WORK TO COMPLETE
Set out the records below again exactly; skip the images.

SUPPLIED RECORDS
*****

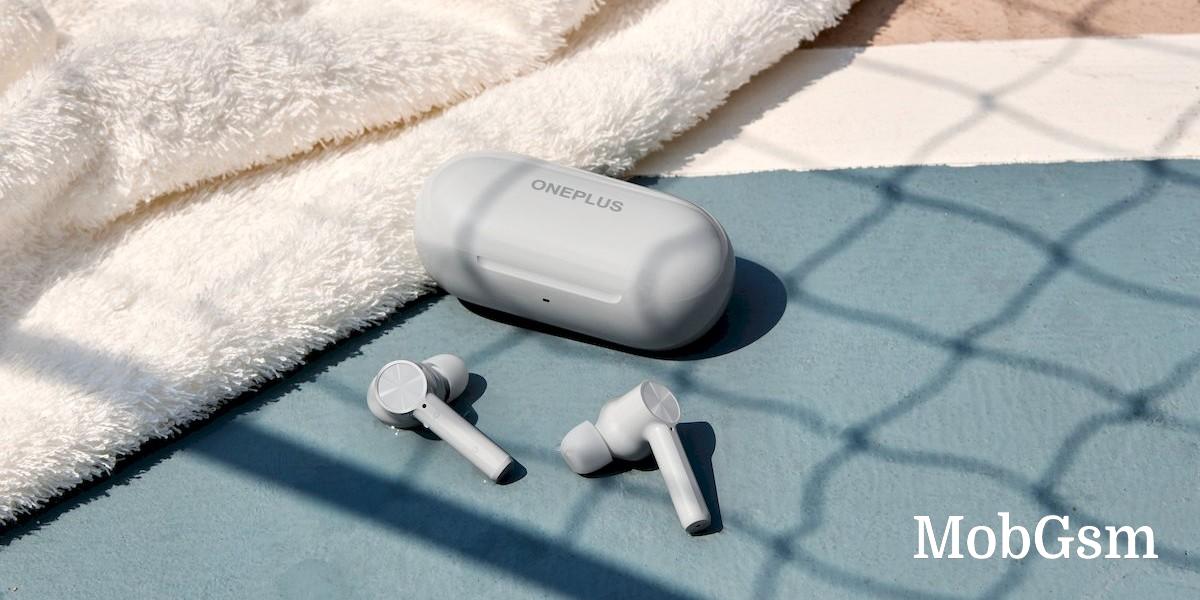 The OnePlus Buds Z are just $46, but are IP55 sweat resistant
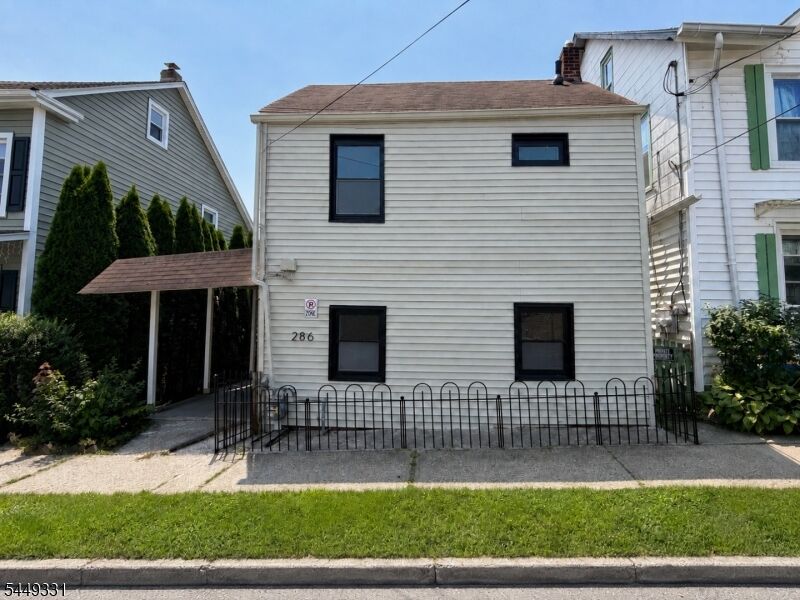 Property Photo: 286 Chambers St NJ 08865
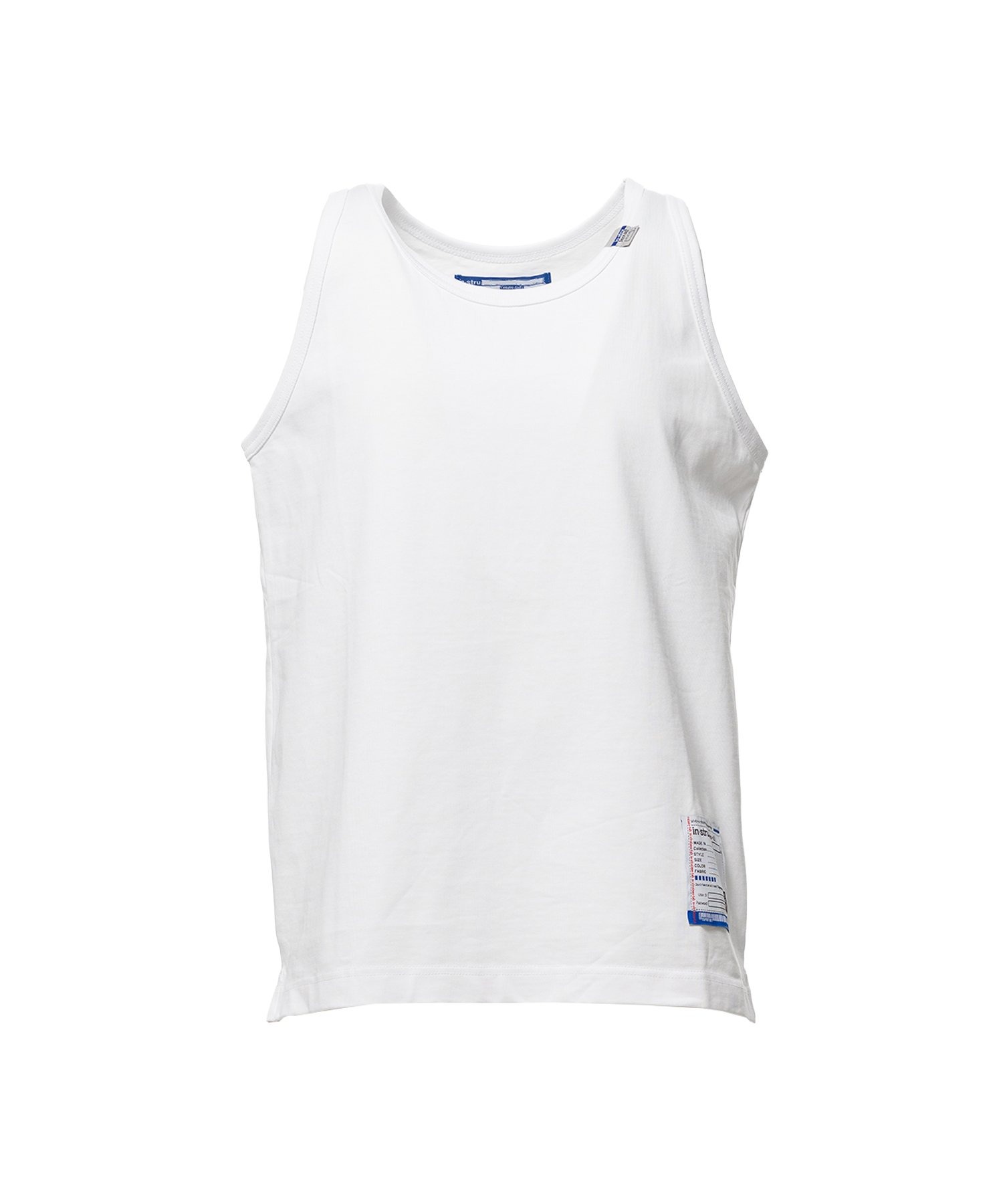HEAVY WEIGHT JERSEY TANKTOP in・stru(men-tal)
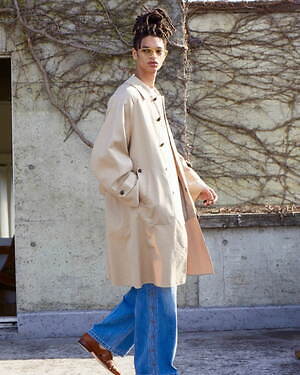 サルト(SARTO) 2025年春夏メンズコレクション  - 写真4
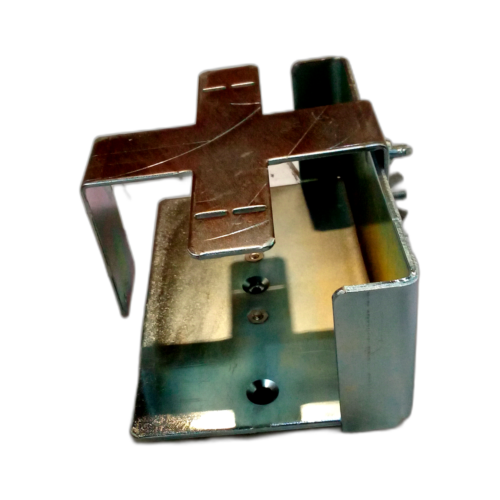 DIN RAIL BATTERY HOLDER REF DRBH.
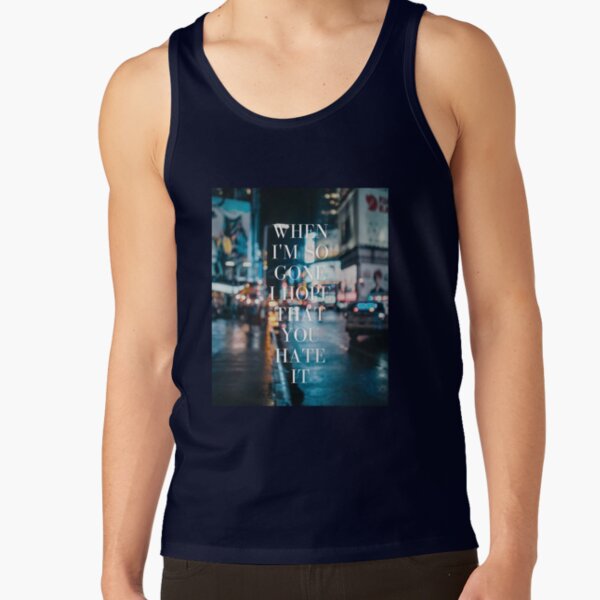 Tate Mcrae When I M So Gone Tank Top - Image 6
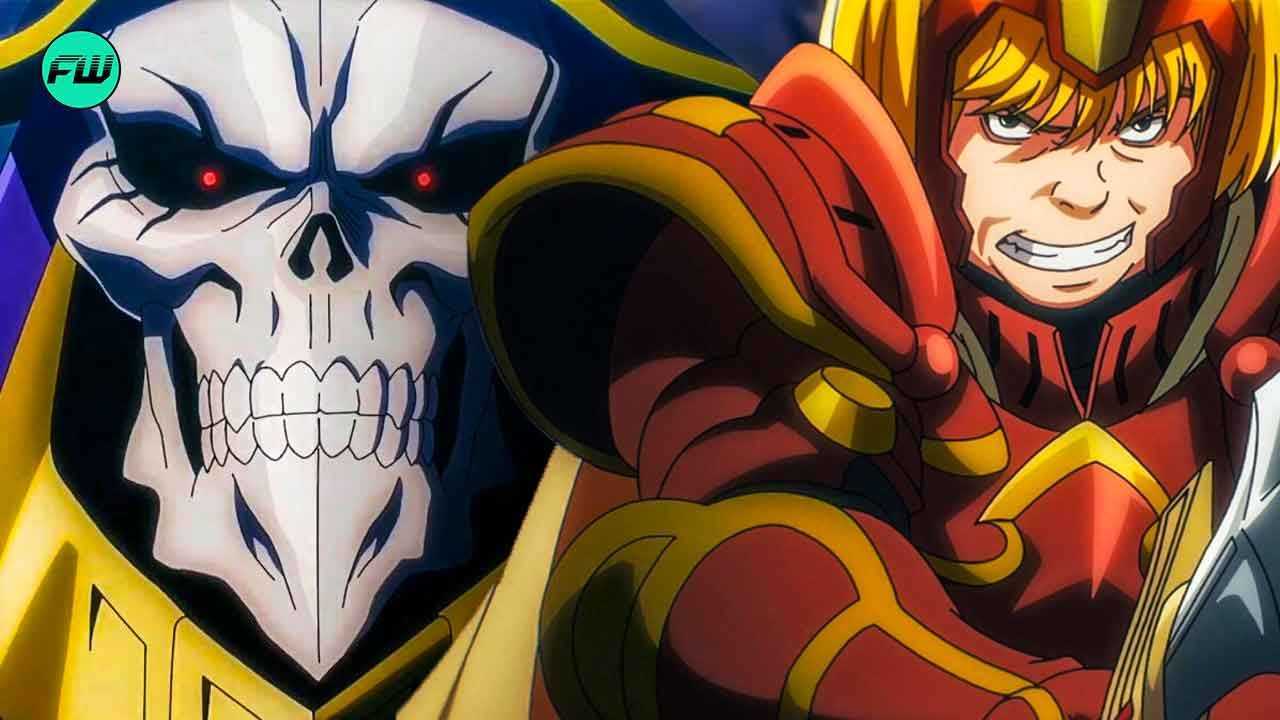 Az Overlord évekkel a Szent Királyság ívéről szóló animefilm bejelentése után engedi a megjelenést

*****

TASK OUTPUT
 The OnePlus Buds Z are just $46, but are IP55 sweat resistant
 Property Photo: 286 Chambers St NJ 08865
HEAVY WEIGHT JERSEY TANKTOP in・stru(men-tal)
 サルト(SARTO) 2025年春夏メンズコレクション  - 写真4
 DIN RAIL BATTERY HOLDER REF DRBH.
 Tate Mcrae When I M So Gone Tank Top - Image 6
 Az Overlord évekkel a Szent Királyság ívéről szóló animefilm bejelentése után engedi a megjelenést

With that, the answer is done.